Sergio Ramírez
¿Quién es este negro blanco?, se pregunta con deje irónico Lévy. Un Clinton negro, se responde. Y uno no puede dejar de recordar que Toni Morrison, con apasionada compasión, dijo una vez que Clinton había sido tratado como un presidente negro, cuando un fiscal de vestiduras puritanas lo perseguía de manera implacable por causa de un aguado affair amoroso.
Obama cuatro años atrás a los ojos de un filósofo francés que se ha puesto los zapatos de Tocqueville en busca de explorar los Estados Unidos contemporáneos, y como buen francés austero de modales y temeroso del ridículo, sufre de vergüenza ajena al ver a los convencionales demócratas reunidos en el Fleet Center, ensombrerados con réplicas de cabezas de mulas, el símbolo de su partido, y rascacielos que recuerdan a las torres gemelas derribadas por un ataque terrorista.

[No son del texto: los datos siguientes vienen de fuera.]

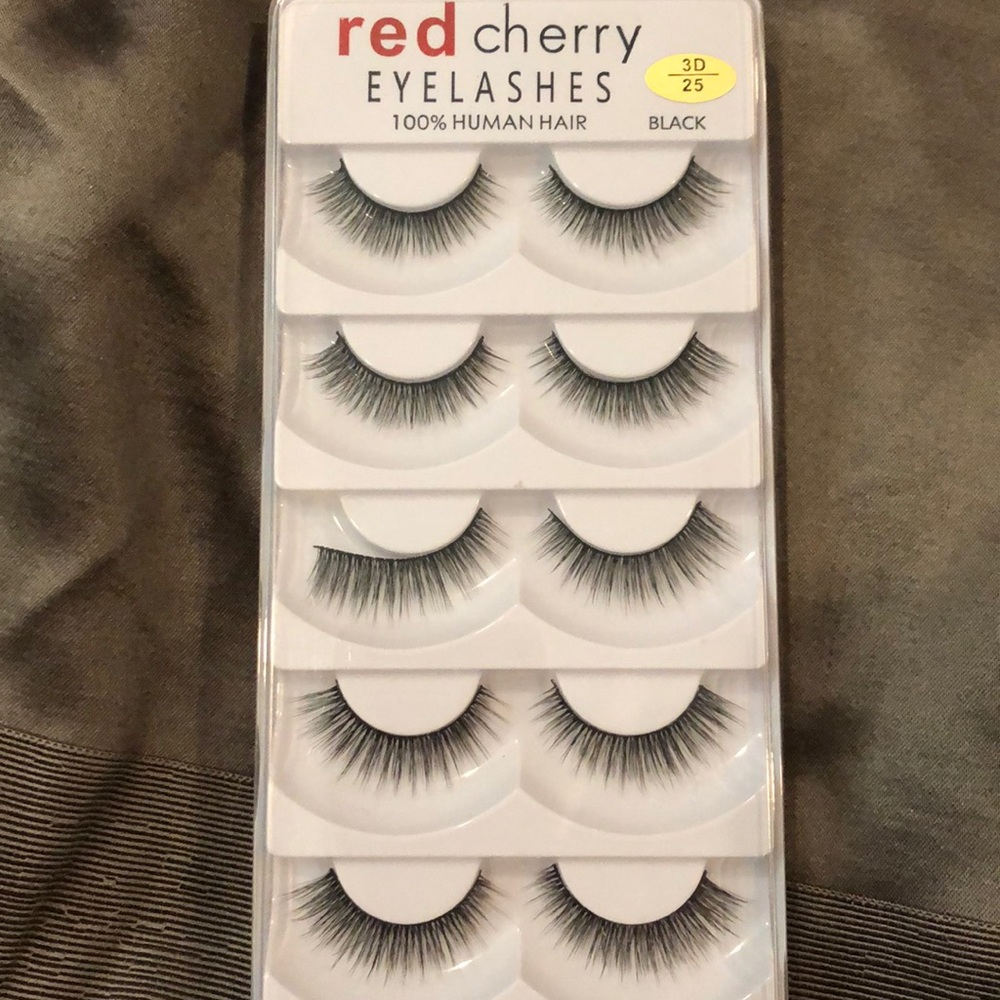 Red cherry lashes - Picture 3 of 4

Pero a la medianoche, cuando Obama sube al podio para pronunciar su discurso, Lévy se olvida de los sombreros de carnaval para apuntar el ligero paso de danza con que el desconocido camina por el escenario bajo la luz de los reflectores, la sabiduría de los gestos histriónicos, en los que calcula todo, "la más ligera de las entonaciones debidamente calibrada, y aparentando improvisar hasta los suspiros".